Unfortunately, as we took them out of the box, he struggled with the majority of them. Chalk that up to summer vacation? Or to being too tired from the day’s earlier activity, which was this?



In any case, we’ll have to review them again tomorrow; but for today, I simply asked him to trace the letters as I made their sounds and he put them back into the box. When all the sandpaper letters were back in their box, he was silent for a minute before looking at me with a frown and saying, “I lost some skin.”

So, yeah, I don’t recommend asking your child to trace an entire alphabet of sandpaper letters in one sitting. It hurts.
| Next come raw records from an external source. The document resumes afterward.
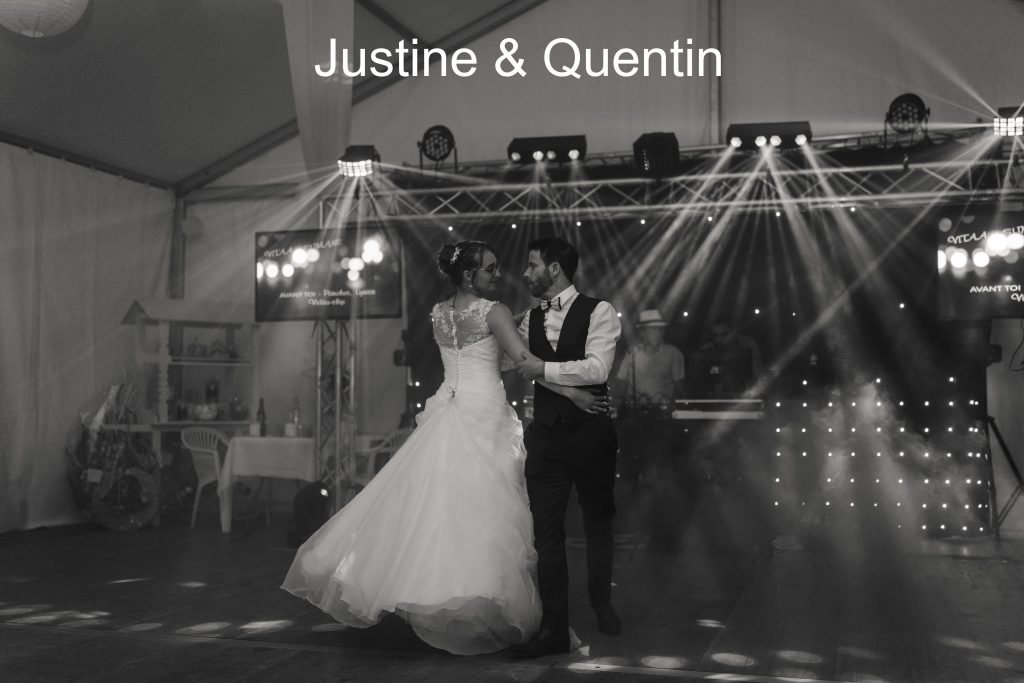 Un couple danse lors d'une réception de mariage sous un chapiteau, lumière de scène et décoration en arrière-plan, en noir et blanc.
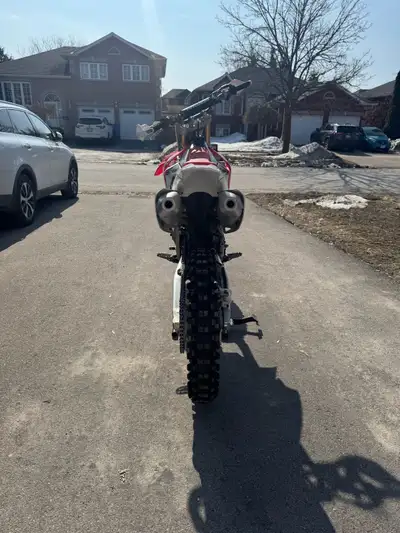 Near mint 2014 (not air shocks), still on original tires! Has skid plate, hand guards and rad suppor...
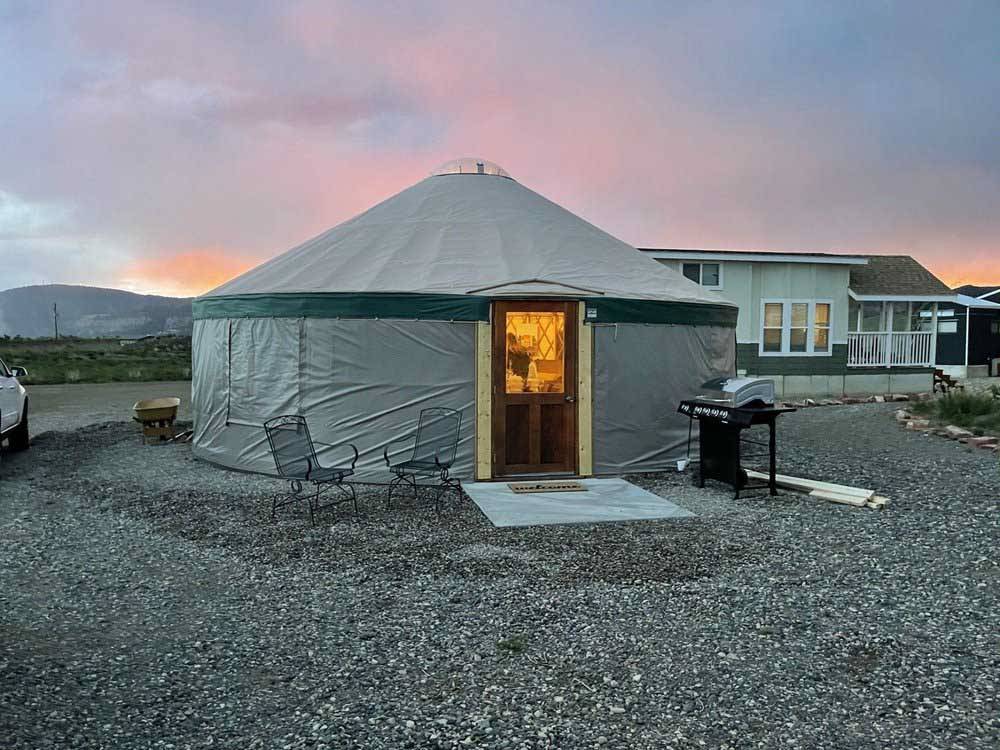 Exterior view of yurt available for rent at TRAIL & HITCH RV PARK AND TINY HOME HOTEL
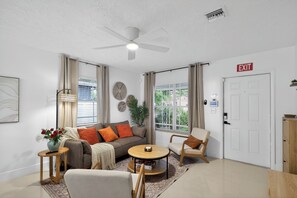 Una sala de estar moderna con ventilador de techo, un sofá, una mesa redonda y un sillón.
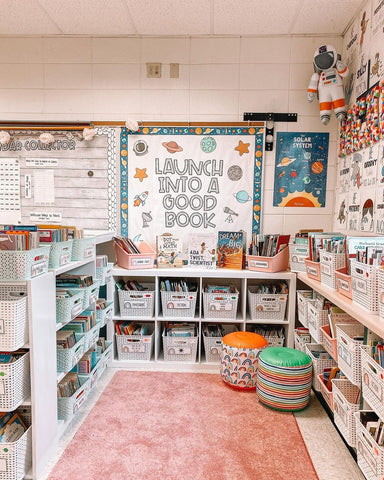 A beautiful space-themed classroom library has been set up in the corner of Lauren’s classroom. The bottom half of the wall is taken up with shelves filled with book baskets, and on the wall above the shelf is a bulletin board that reads “Launch into a good book.”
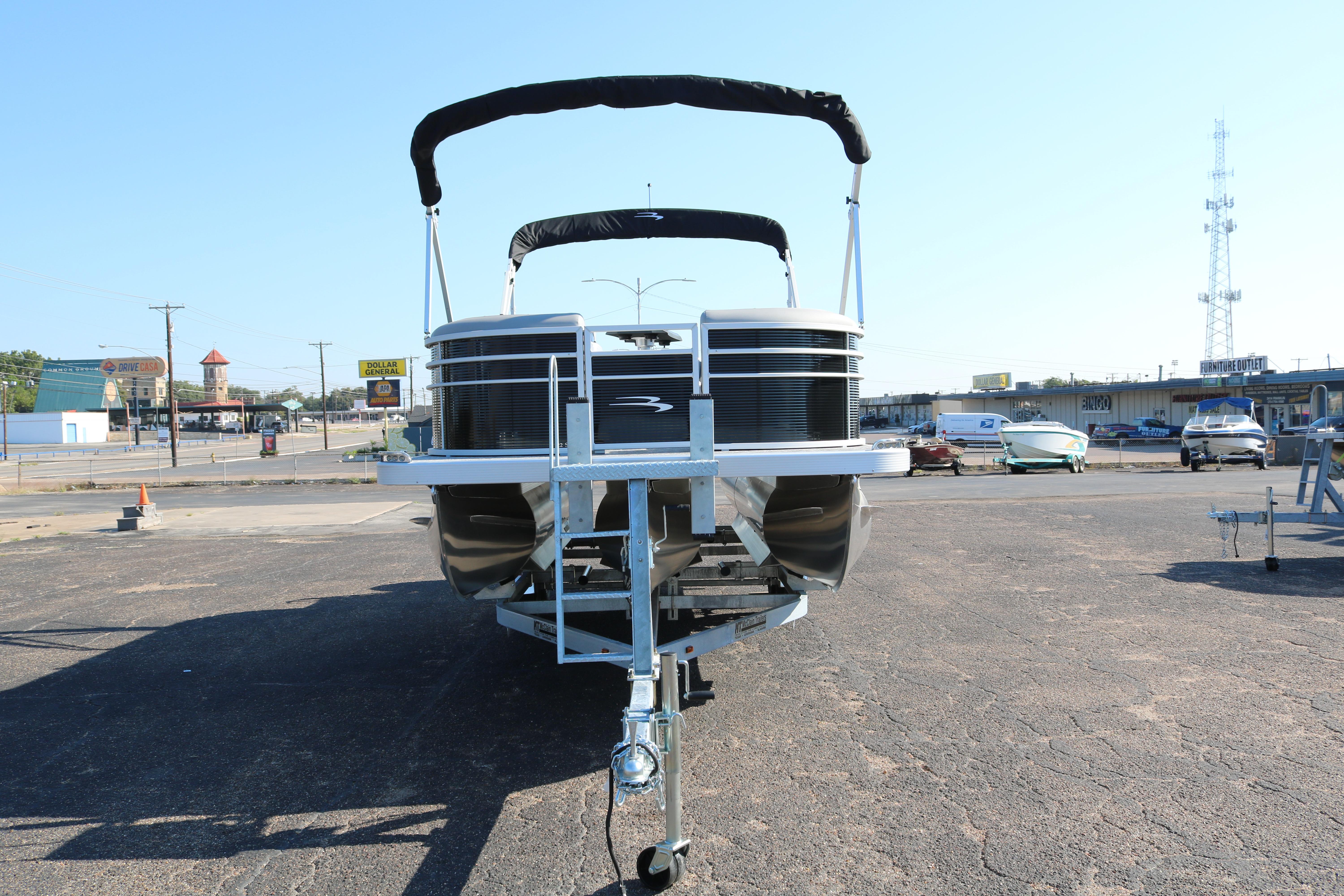 2026 Bennington 22SX Stern Radius pontoon boat on trailer in parking lot.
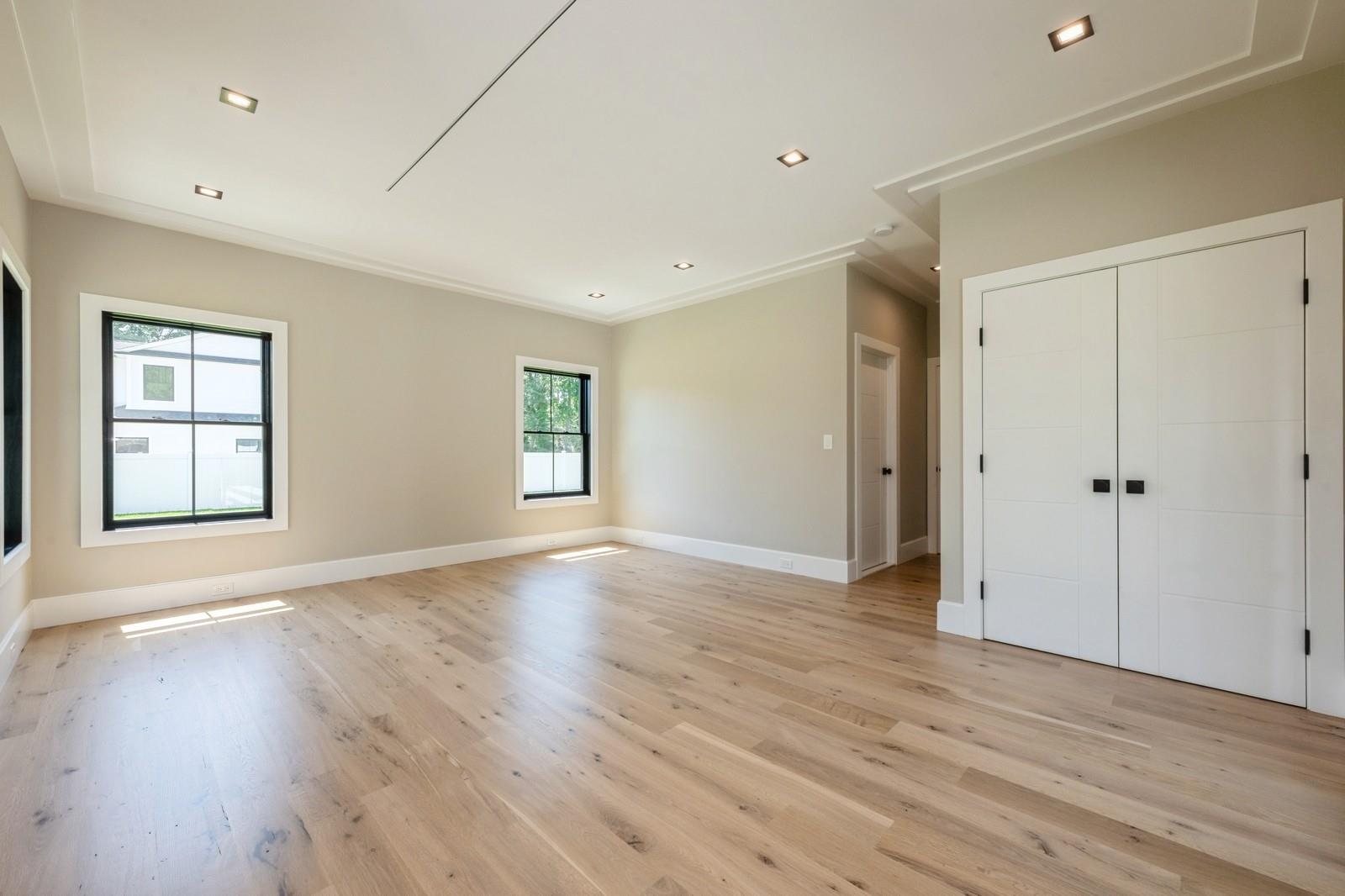 352 Cold Spring Road Syosset, NY 11791 - Photo 20 of 39 an empty room with wooden floor and windows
Another thing that hurts is fiercely gripping the handles of a tube while you’re being pulled behind a boat, whipping around in a circle with water spraying in your face. That was also on the agenda for today. Significantly more fun than sandpaper letters, although—as I pointed out to Noah—he’ll never be able to drive such a boat if he doesn’t learn to read. In French and in English. So let’s go!

I joke with him, but the kid is dying to read. It’s pretty exciting to see that inner battle working itself out: he doesn’t want to stay put and take the time to learn phonetics, but he so wants to read. It reminds me of a comment he made in preschool. He declared that he wanted to be an astronaut, but first he needed to learn how to read so that he would know which buttons to push in the spaceship. Such a logical boy.

I plan to attack this much like I did with Zahra: by learning sounds and then writing words, and then short sentences, on paper. Bob books, as well as most learning-to-read material, is mind-numbingly BORING. Noah did read some Bob books in preschool but quickly abandoned them. There’s really no motivation to read to the end to find out that Dot and Mat have a cat. Much more fun to write the sentence, “Cats dance under the moon,” and watch him figure that out.

What are your favourite books for beginning readers?